It's inevitable, as an administration draws to a close, for each President to think of his (or, one day, her) legacy and review their achievements. The Wage and Hour Division has just conducted a review of its activities since 2009, and here are the highlights:
- 1.7 million workers have been "helped:" in other words, they have been awarded some amount of back pay and liquidated damages;
- 1.6 billion dollars of back pay (including liquidated damages) have been recovered, for an average recovery of nearly $9,000 per individual;
- More than 250,000 wage-related complaints were received;
- Over 300,000 cases were investigated and closed.
That's an impressive track record, but it's only the tip of the iceberg. As many a rueful employer knows, the FLSA's attorneys' fee provision is a powerful incentive for private lawsuits. The Administrative Office of the U.S. Courts reported that more than 8,000 private FLSA lawsuits were filed in the fiscal year ending September 30, 2014 – an 8.8 percent increase over the previous fiscal year. (In FY1993, fewer than 1500 FLSA lawsuits were filed.) It's harder to calculate the economic impact of private litigation, since cases vary widely and many are resolved through settlement, but it's a safe bet that the bottom-line recoveries exceed those secured by the government, even before attorneys' fees awards are included.

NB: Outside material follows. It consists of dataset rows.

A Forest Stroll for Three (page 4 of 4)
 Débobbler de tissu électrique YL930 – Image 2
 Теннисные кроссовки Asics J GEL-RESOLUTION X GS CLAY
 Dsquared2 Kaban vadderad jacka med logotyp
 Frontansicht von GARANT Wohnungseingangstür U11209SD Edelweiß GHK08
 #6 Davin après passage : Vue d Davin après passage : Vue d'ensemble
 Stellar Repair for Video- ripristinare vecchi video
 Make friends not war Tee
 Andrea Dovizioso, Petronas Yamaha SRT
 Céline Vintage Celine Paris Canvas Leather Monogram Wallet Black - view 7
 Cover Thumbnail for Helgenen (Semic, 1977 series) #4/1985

So what does this mean for the average employer?
First, that no one can afford to ignore the wage and hour laws. Plaintiffs' attorneys are constantly on the lookout for new cases, and even a small case can generate large fees. And remember that the FLSA also makes some employers personally liable for back wages: being incorporated or organized as a limited liability company may not protect against a judgment.
- Second, that an ounce of prevention is well worth a pound of cure. It may pinch to pay for a confidential audit by competent counsel, but a moderate expenditure now to detect vulnerabilities can save hundreds of thousands in back pay, damages, and fees later.
- Third, that compliance is a moving target. For example, changes to the salary level for executive, administrative, and professional exemptions due to take effect in July 2016 may mean that employees who are exempt from overtime in March will be entitled to time-and-a-half for hours over 40 in August. Court decisions also can alter the terrain. The Supreme Court heard a case last fall concerning pay for time spent donning and doffing protective gear, and its decision could expose employers to unanticipated liability if the Court finds these activities compensable.
The FLSA has been the law of the land for more than 70 years, but employers of all sizes continue to be caught out of compliance. Don't contribute to these statistics: make it an annual practice to review your time and pay practices with counsel.